Coded gray.

Tuesday 26 September 2000

Scientific American

Pic of the day: Reading Scientific American, which had a good article on this in the August issue.

Parallel worlds

Dimensions are cool. Obviously they are also fairly hard to understand, since most people seem to use the word all wrong when it comes to parallel universes. These are not parallel dimensions (which really doesn't make sense, once you think about it ... can height and width be parallel?) but parallel universes along a fifth dimension.

I've mentioned before that I see the universe as a 4-dimensional hypersphere with time as the radial dimension. The only way to imagine this in 3-D (as if that would be a good idea at all) would be to remove one of the other dimensions and replace it with the time axis. Now if we remove a dimension again, we can reduce the universe to a sheet. Now add a new third dimension (actually the fifth, after time) and tilt the universe. Seeing it from the side, you can see that it is just a thin membrane. And there is room for other universes just beside it. They could be less than a millimeter away and we would be totally oblivious to them - perhaps.

You see, most things are waves. You probably remember from high school physics that photons (light particles) behave like waves. Depending on your teacher and your textbook, there may have been a casual reference to the fact that other elementary particles also do this if allowed to roam around. Now the point is that these waves are confined to the surface that holds them. Like you drop a pebble in a pond - the waves run along the surface of the pond, they don't move equally into the air or down into the ground. In the same way, the waves that constitute matter is confined to our sheet universe.

There is some doubt about gravity. It behaves oddly, compared to the other primary forces. Basically, it seems too weak. This could be because it radiates in the fifth dimension. Now this is a scary thought for several reasons. A sufficiently large black hole in a neighboring universe might wreak havoc here without any warning at all. The basic structure of the universe may even not be decided by anything within our universe at all, but be part of a five-dimensional structure. The origin and composition of this structure, we would have no possibility of ever knowing.

If gravity does not radiate along the fifth dimension (and there is no proof that it does) then basically we will never know whether there are indeed other universes parallel to ours. Except - it is not obvious that all the other universes are like ours, with the same laws of nature and the same waves and particles. Perhaps each has slightly (or very) different laws. Some of the universes could possibly have particles or energies that radiate in the fifth dimension. This would probably be a disaster to them, as they would bleed energy at a furious rate and perhaps eventually dissipate completely. The effect on ordinary "flatland" universes would be much less: The 5D particles would probably interact very weakly with ours, as they would just be passing through an almost infinitely thin sheet giving next to no resistance. Yet, a sufficiently dense rain of particles along the 5th dimension might cause some really surreal effects.

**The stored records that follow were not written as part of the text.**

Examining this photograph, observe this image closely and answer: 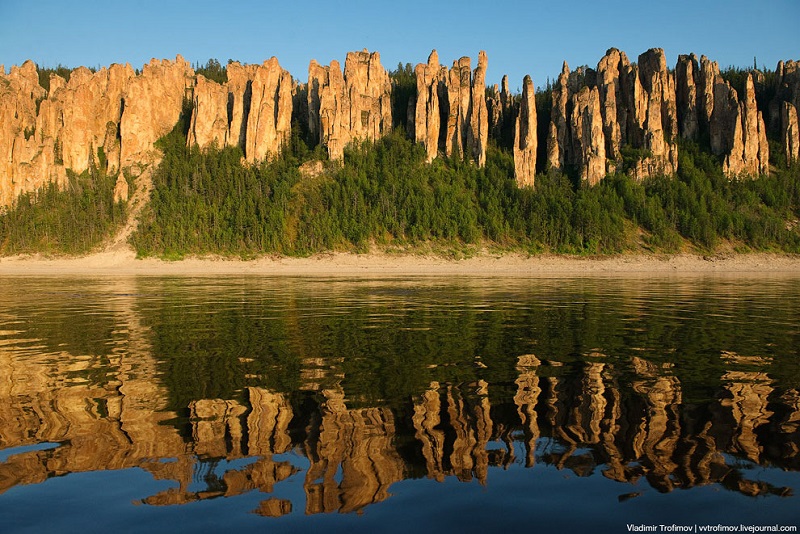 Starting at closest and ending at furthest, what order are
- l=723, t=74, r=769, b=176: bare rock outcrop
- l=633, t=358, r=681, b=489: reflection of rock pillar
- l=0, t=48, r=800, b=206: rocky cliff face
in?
1. l=633, t=358, r=681, b=489: reflection of rock pillar
2. l=0, t=48, r=800, b=206: rocky cliff face
3. l=723, t=74, r=769, b=176: bare rock outcrop

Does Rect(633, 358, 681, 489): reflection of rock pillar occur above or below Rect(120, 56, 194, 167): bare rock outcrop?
below

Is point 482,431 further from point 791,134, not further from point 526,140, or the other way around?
point 791,134

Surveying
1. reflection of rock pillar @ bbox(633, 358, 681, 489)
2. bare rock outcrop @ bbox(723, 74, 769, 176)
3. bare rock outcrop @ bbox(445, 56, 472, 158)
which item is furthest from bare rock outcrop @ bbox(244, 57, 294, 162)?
reflection of rock pillar @ bbox(633, 358, 681, 489)

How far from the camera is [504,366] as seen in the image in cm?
1505

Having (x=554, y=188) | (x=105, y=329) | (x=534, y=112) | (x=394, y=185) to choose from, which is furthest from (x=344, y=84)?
(x=105, y=329)

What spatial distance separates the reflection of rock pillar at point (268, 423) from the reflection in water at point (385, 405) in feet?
0.13

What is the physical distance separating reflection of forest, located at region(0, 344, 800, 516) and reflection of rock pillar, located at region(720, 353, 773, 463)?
0.10 feet

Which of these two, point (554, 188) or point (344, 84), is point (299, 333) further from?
point (344, 84)

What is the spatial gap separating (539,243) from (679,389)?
107395 mm

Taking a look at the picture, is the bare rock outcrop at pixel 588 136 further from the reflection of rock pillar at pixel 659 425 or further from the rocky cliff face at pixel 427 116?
the reflection of rock pillar at pixel 659 425

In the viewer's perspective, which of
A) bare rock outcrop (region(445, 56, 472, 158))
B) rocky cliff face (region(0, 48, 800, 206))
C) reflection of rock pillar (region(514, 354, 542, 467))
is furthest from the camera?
bare rock outcrop (region(445, 56, 472, 158))

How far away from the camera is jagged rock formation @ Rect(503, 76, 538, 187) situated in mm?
137250

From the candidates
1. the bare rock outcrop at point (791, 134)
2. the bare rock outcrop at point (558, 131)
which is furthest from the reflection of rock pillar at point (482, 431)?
the bare rock outcrop at point (791, 134)

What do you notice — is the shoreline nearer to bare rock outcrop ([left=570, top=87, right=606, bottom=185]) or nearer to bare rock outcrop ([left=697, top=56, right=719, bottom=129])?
bare rock outcrop ([left=570, top=87, right=606, bottom=185]) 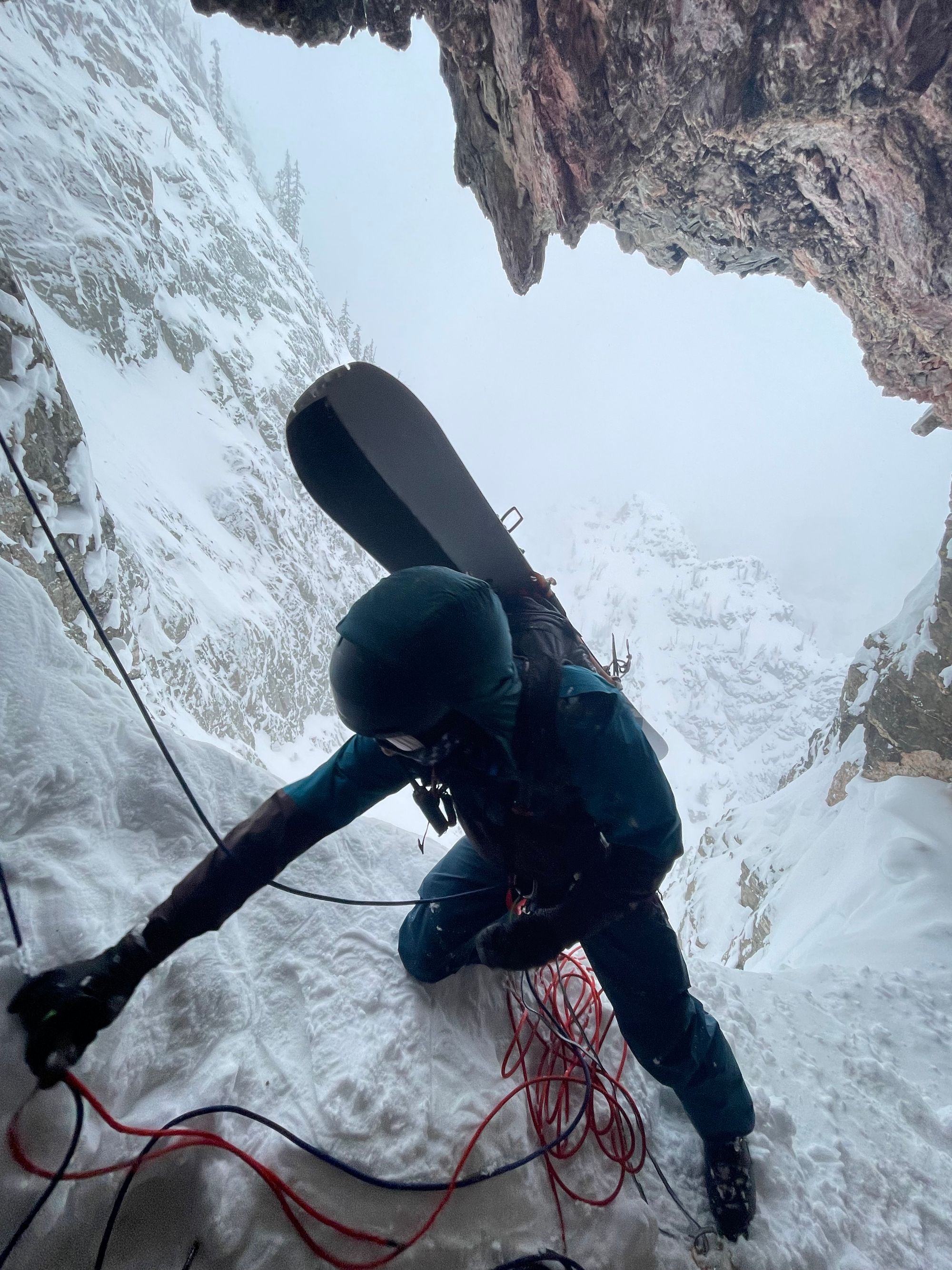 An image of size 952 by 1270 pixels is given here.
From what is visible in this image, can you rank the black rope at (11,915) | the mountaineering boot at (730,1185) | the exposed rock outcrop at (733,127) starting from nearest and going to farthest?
1. the black rope at (11,915)
2. the mountaineering boot at (730,1185)
3. the exposed rock outcrop at (733,127)

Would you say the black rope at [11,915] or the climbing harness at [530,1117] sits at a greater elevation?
the black rope at [11,915]

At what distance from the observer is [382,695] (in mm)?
1271

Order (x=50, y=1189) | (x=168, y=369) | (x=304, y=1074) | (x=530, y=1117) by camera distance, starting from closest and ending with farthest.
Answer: (x=50, y=1189), (x=304, y=1074), (x=530, y=1117), (x=168, y=369)

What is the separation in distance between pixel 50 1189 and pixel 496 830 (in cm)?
119

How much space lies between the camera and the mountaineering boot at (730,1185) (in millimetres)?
1595

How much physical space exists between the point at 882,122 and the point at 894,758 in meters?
4.98

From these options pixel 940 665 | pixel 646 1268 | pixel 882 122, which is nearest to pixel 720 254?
pixel 882 122

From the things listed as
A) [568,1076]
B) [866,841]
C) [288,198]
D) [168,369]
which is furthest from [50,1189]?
[288,198]

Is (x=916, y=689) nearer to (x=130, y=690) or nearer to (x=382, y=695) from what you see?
(x=382, y=695)

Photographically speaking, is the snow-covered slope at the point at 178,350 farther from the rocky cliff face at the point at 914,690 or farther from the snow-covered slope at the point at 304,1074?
the rocky cliff face at the point at 914,690

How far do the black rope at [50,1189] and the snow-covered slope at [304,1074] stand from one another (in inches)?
0.8

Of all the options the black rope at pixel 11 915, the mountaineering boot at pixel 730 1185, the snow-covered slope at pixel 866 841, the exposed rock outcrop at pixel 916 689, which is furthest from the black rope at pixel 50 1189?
the exposed rock outcrop at pixel 916 689

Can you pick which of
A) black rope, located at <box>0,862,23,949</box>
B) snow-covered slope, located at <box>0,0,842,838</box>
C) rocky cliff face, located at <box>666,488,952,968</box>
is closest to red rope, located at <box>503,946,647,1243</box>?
black rope, located at <box>0,862,23,949</box>

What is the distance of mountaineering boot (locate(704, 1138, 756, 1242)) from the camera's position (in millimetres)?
1595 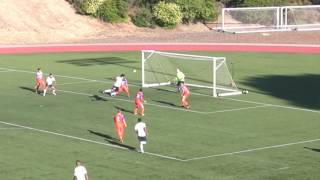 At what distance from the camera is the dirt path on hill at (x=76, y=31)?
262 ft

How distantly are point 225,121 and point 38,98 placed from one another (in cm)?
1248

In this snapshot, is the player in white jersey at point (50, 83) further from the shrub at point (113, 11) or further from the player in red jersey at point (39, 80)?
the shrub at point (113, 11)

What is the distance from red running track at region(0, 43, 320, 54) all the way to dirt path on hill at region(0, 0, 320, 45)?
11.9 feet

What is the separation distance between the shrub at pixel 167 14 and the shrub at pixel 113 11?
312cm

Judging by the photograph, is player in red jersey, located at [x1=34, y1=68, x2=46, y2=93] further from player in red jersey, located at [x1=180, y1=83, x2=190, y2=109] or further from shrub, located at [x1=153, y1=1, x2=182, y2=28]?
shrub, located at [x1=153, y1=1, x2=182, y2=28]

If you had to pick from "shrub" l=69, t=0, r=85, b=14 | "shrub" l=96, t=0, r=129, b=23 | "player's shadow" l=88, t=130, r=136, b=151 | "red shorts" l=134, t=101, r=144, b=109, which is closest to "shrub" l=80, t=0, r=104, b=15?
"shrub" l=96, t=0, r=129, b=23

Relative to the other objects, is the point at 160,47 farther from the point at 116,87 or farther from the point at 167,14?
the point at 116,87

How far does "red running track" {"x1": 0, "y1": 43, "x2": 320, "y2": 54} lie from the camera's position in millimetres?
73500

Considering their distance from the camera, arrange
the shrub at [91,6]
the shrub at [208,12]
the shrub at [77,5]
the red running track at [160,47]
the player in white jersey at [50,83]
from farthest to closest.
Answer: the shrub at [208,12], the shrub at [77,5], the shrub at [91,6], the red running track at [160,47], the player in white jersey at [50,83]

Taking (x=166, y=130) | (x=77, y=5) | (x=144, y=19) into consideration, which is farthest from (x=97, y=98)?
(x=77, y=5)

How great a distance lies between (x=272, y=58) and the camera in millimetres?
67812

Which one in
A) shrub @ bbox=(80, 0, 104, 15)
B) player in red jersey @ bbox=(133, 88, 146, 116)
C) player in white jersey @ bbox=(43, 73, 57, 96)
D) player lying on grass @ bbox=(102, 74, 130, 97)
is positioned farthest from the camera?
shrub @ bbox=(80, 0, 104, 15)

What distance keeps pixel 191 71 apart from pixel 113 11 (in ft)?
110

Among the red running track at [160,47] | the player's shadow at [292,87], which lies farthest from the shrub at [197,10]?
the player's shadow at [292,87]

So what about UFOs? Theoretically, glowing masses of plasma could be caused by the trail of a 5D object speeding through, I guess. As for flying saucers, small green men, elves, Elvii, angels, demons, and ghosts ... I don't think so. That is, I don't think any of these have anything to do with the parallel universes. But we cannot be sure. (Anyway, it makes for incredible possibilities to blend science fiction with magic fantasy / mythology. Mmm!)

It is strange indeed to think that quite possibly there are other worlds literally closer to us than our own clothes, entire universes filling the same space that we do. Chances are we will never know anything about these worlds, not even whether they exist. But we'll keep looking.

Though I don't think it justifies creating small black holes on Earth, if you want my opinion.